Tezpur (Assam), June 15: Four frontline combat aircraft Sukhoi-30MKI were formally inducted in India’s sensitive north-eastern region on Monday, a strategic decision to move advanced assets close to the Chinese border, defence officials said.

A defence spokesperson said four multi-role strike fighter jets at the Indian Air Force (IAF) base in Tezpur, about 185 km north of Assam’s main city of Guwahati, would soon be part of a Sukhoi-30MKI squadron comprising of 18 aircrafts.

“Due to bad weather there was no fly past of the Sukhois although there was a small symbolic ceremony to welcome the fighter jets and officials to the Tezpur base,” an IAF official said.

Air Marshal SK Bhan, air officer Commanding-in-Chief of the Eastern Air Command, graced the function at the IAF base, although the media was kept out of bounds.

Capable of carrying nuclear weapons and tailor-made for Indian specifications, the Su-30 MKI is a variant of the Sukhoi Su-30 and is jointly-developed by Russia’s Sukhoi Corporation and India’s Hindustan Aeronautics Limited (HAL) for the IAF.

Tezpur has become the third dedicated Sukhoi-30MKI airbase in the country after Pune and Bareilly.

Currently, India operates five squadrons of this Russian-built fighter aircraft with three squadrons stationed at Lohegaon in Pune and two in Bareilly. Each squadron operates 18-20 aircraft.

The IAF plans to increase the strength of its Sukhoi fleet to nearly 200 over the next five years.

As of now five bases in the eastern and north-eastern parts of the country, including Tezpur, Chabua, Jorhat (Assam), Panagarh (West Bengal) and Purnea (Bihar), are due for upgrades.

The decision to set up a squadron of the most potent fighter jet in service with the IAF follows repeated allegations of Chinese incursions in the northeastern state of Arunachal Pradesh in the last few years.

The IAF base at Tezpur is within striking distance from the Chinese border along Arunachal Pradesh.

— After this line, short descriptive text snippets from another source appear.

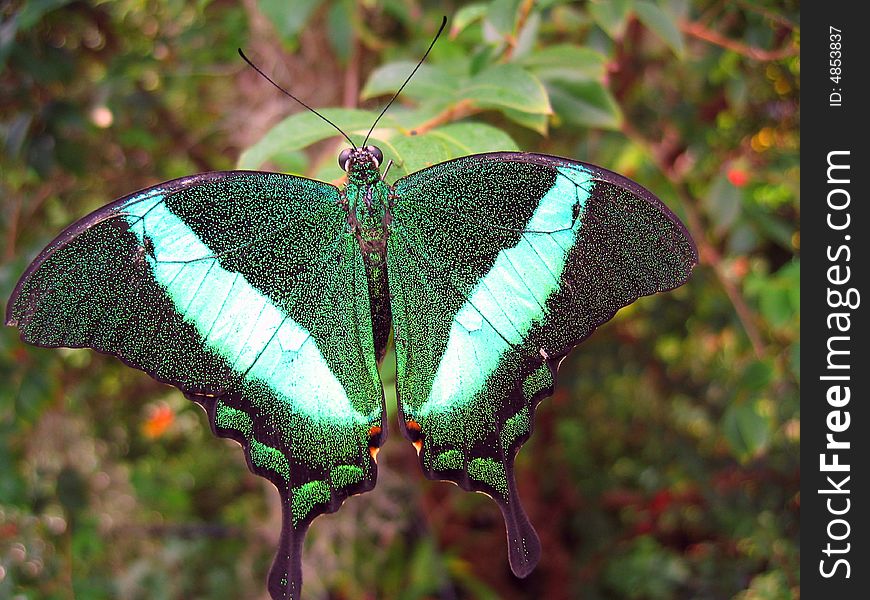 Butterfly resting on a leaf in the morning hours. Butterfly resting on a leaf in the morning hours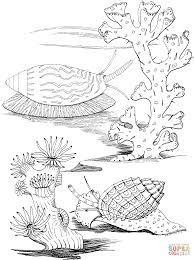 Sea Snails Coloring Page Gif 1 051 1 404 Pixels Ocean Coloring Pages Coloring Pages Animal Coloring Pages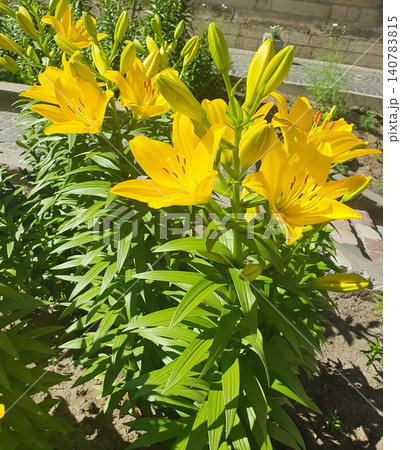 Bright yellow lilies with green buds bloom in a summer garden under sunlight. Beautiful flowering plant, daylily, floristry Bright yellow lilies with green buds bloom in a summer garden under sunlight. Beautiful flowering plant, daylily, floristry 140783815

According to Union Home Ministry reports, there were about 270 ‘violations’ by China on India’s western, middle and eastern sectors in 2008, while there were 60 such incidents reported so far this year.

Beijing had in 2003 given up its territorial claim over the Indian state of Sikkim but was still holding on to its age old stand that a vast stretch of Arunachal Pradesh belongs to them.

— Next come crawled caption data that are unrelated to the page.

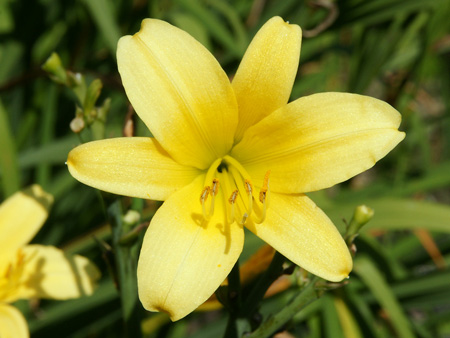 autumn_daffodil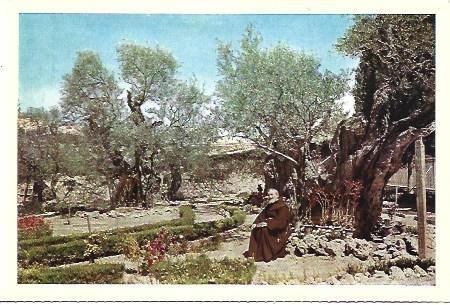 POSTAL L04862: Jardin de Getsemani en Jerusalen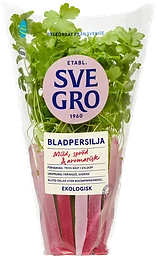 Bladpersilja i kruka Ekologisk 1-p KRAV Svegro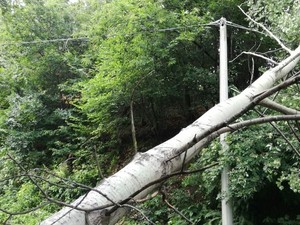 Albero cade sulla strada a Pavignano, interviene la Protezione civile, foto archivio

The mountainous state of Arunachal Pradesh shares a 1,030 km (650 mile) unfenced border with China.

The India-China border along Arunachal Pradesh is separated by the McMahon Line, an imaginary border that is now known as the Line of Actual Control (LAC).

India and China fought a bitter border war in 1962, with Chinese troops advancing deep into Arunachal Pradesh and inflicting heavy casualties on federal troops.

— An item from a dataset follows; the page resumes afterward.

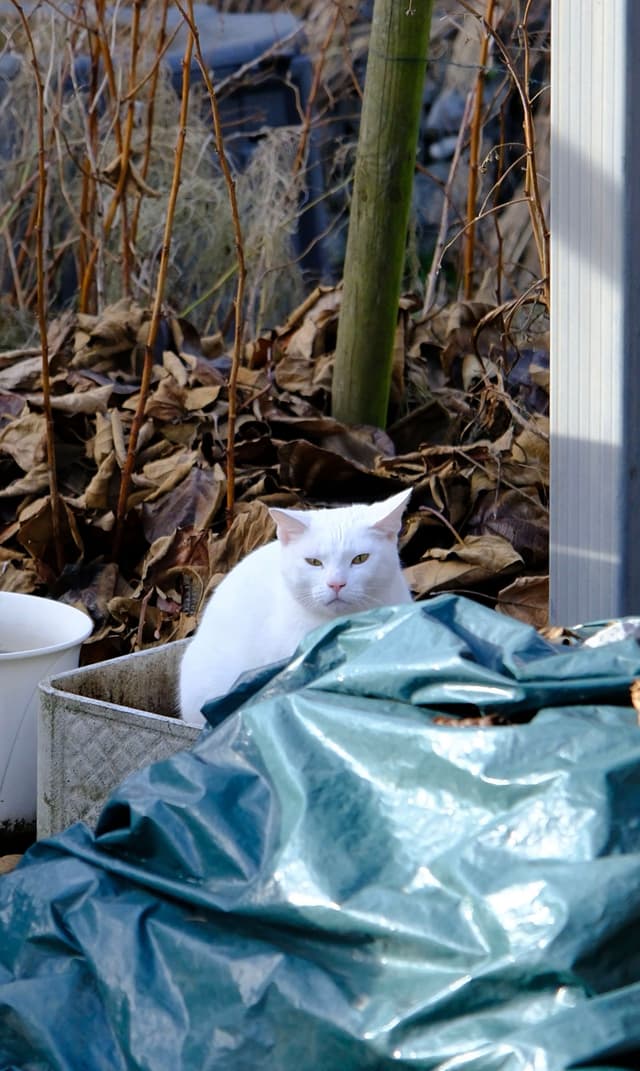 A white cat sits in a garden area surrounded by dry leaves and a green tarp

The border dispute with China was inherited by India from British colonial rulers, who hosted a 1914 conference with the Tibetan and Chinese governments that set the border in what is now Arunachal Pradesh.

China has never recognised the 1914 boundary, the McMahon Line, and claims 90,000 sq km (34,750 square miles) – nearly all – of Arunachal Pradesh. India also accuses China of occupying 8,000 sq km (14,670 square miles) in Kashmir.